Les différentes spécialisations de l’Université :
Du point de vue administratif, l’Université Emir ‘Abd al-Qâdir est considérée comme un établissement universitaire public jouissant d’une personne morale propre et d’une indépendance financière mais se trouvant sous la tutelle du ministère de l’enseignement et de la recherche de la République démocratique algérienne.
Bien que l’université de Constantine fût inaugurée par l’ancien président algérien Chadli Bendjedid, celle-ci prit son véritable essor relativement récemment, et notamment à partir de 2011, date à laquelle fut promulgué un décret présidentiel redéfinissant sa mission et créant de nouveaux départements et de nouvelles spécialisations, on passa donc d’un département à trois qui sont celui des fondements de la religion (Usûl al-dîn), celui de la Charia et de l’économie et enfin celui de la littérature et de la civilisation islamique.
Les départements de l’université rassemblent quasiment toutes les spécialisations ayant un lien avec les études islamiques, la dernière de ces spécialisations à voir le jour fut celle des langues et de la traduction, celle-ci fut créée seulement en 2013 et prit place au sein du département de la littérature et de la civilisation islamiques, c’est ainsi par exemple que débutèrent l’enseignement de la langue turque.
Parmi les spécialisations proposées par l’université on trouve celles ayant trait aux sciences légales comme le hadith, le fiqh, les sciences du Coran, les religions comparées, l’économie, le droit, la prédication et les médias ou les moyens de communication, etc. Et en plus de cela l’université comporte un certain nombre de laboratoires de recherches spécialisés, comme le laboratoire dédié aux études de la prédication à travers les divers moyens de communication, le laboratoire de recherches consacré aux études du dogme islamique et des religions comparées, le laboratoire s’occupant des études littéraires et ayant trait aux sciences humaines, le laboratoire de recherches s’attachant à étudier les sciences légales ou encore le laboratoire chargé des études du Coran et de la Sunna prophétique.

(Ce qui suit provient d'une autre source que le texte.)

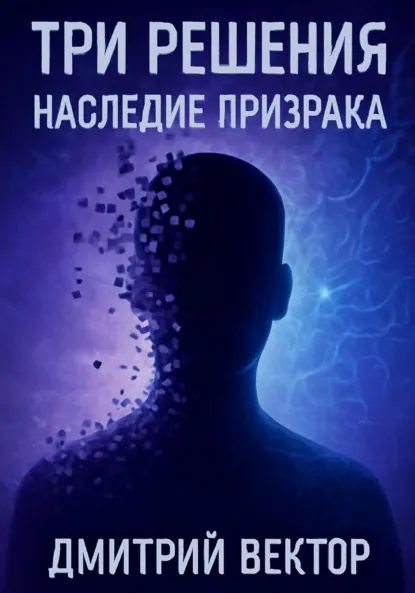 Обложка книги Три решения: наследие призрака, Дмитрий Вектор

Des bibliothèques extrêmement bien fournies :
Il y a au sein de l’Université Emir ‘Abd al-Qâdir de Constantine une bibliothèque comportant environ 25 000 ouvrages consacrés à de multiples domaines et spécialités, de plus on y trouve deux grandes salles de lecture, l’une pour les hommes et l’autre pour les femmes. Outre ces deux salles, il y a également une salle dédiée aux périodiques, aux thèses universitaires, aux rencontres et aux colloques, on y trouve de nombreuses revues arabes et algériennes en langue arabe ainsi que des revues en français et en anglais ou des thèses de master et de doctorat, par ailleurs, il y fut intégré très récemment une partie consacrée spécialement aux documents et compte-rendu de recherches produits lors des rencontres et colloques scientifiques.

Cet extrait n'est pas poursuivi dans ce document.